Let’s say the JIT recompilation threshold = 2. After a method is compiled, its call count is reset to zero and subsequent calls to the method increment its call count. When the call count of a method reaches 2 (i.e. JIT recompilation threshold), the JIT compiler compiles the method a second time, applying more optimizations.

Following are the subcomponents involved as part of JIT Compiler:
• Intermediate Code Generator – Produces intermediate code
• Code Optimizer – Responsible for optimizing the intermediate code generated above
• Target Code Generator – Responsible for Generating Machine Code or Native Code
• Profiler – A special component, responsible for finding hotspots, i.e. whether the method is called multiple times or not.
3.3 Garbage Collector – Garbage collection is the process by which the JVM clears objects (unused objects) from the heap to reclaim heap space. Collects and removes unreferenced objects. Garbage Collection can be triggered by calling System.gc(), but the execution is not guaranteed.
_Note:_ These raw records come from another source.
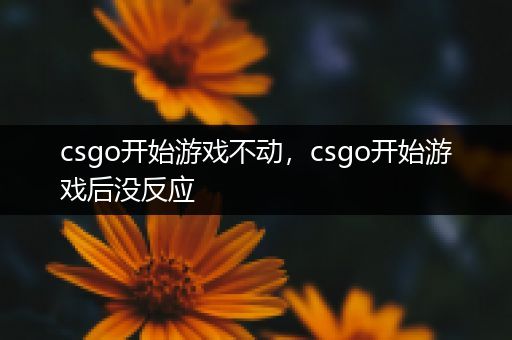 csgo开始游戏不动，csgo开始游戏后没反应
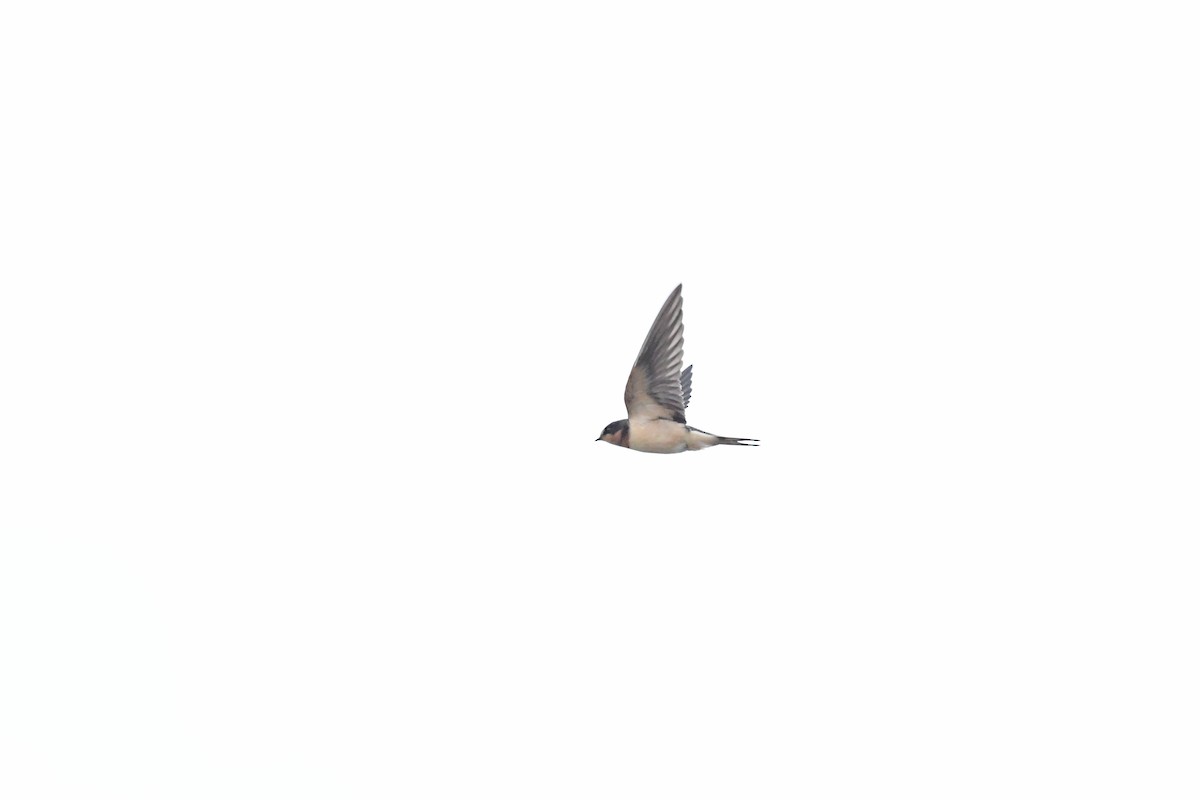 Barn Swallow (American) - ML476219771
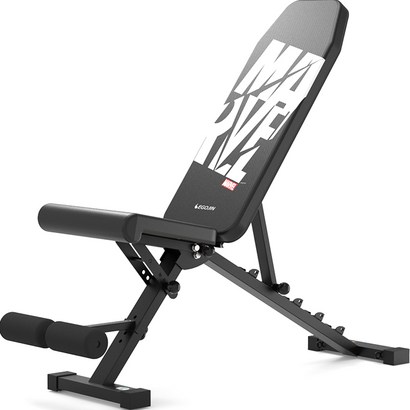 이고진 마블 인클라인벤치 EX500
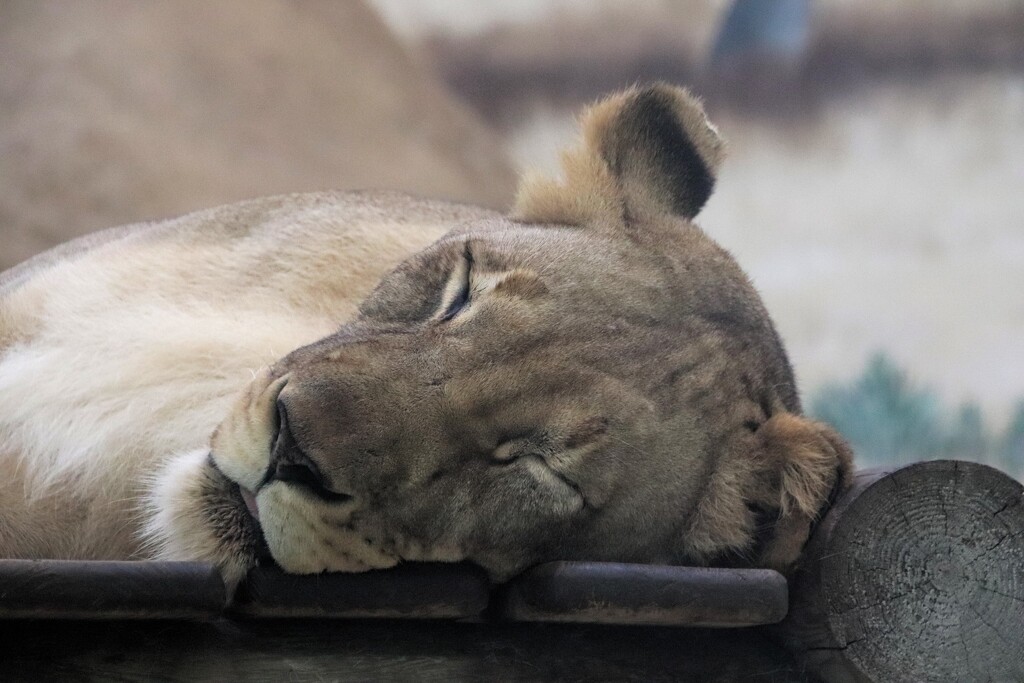 Sleeping Lion  by randy23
Garbage collection of the JVM collects the objects that are created.

Java Native Interface (JNI) - JNI will be interacting with the Native Method Libraries and provides the Native Libraries required for the Execution Engine.
Native Method Libraries - This is a collection of the Native Libraries, which is required for the Execution Engine.

The most important JVM Components related to performance are: Heap, JIT (Just In Time) Compiler and Garbage collector.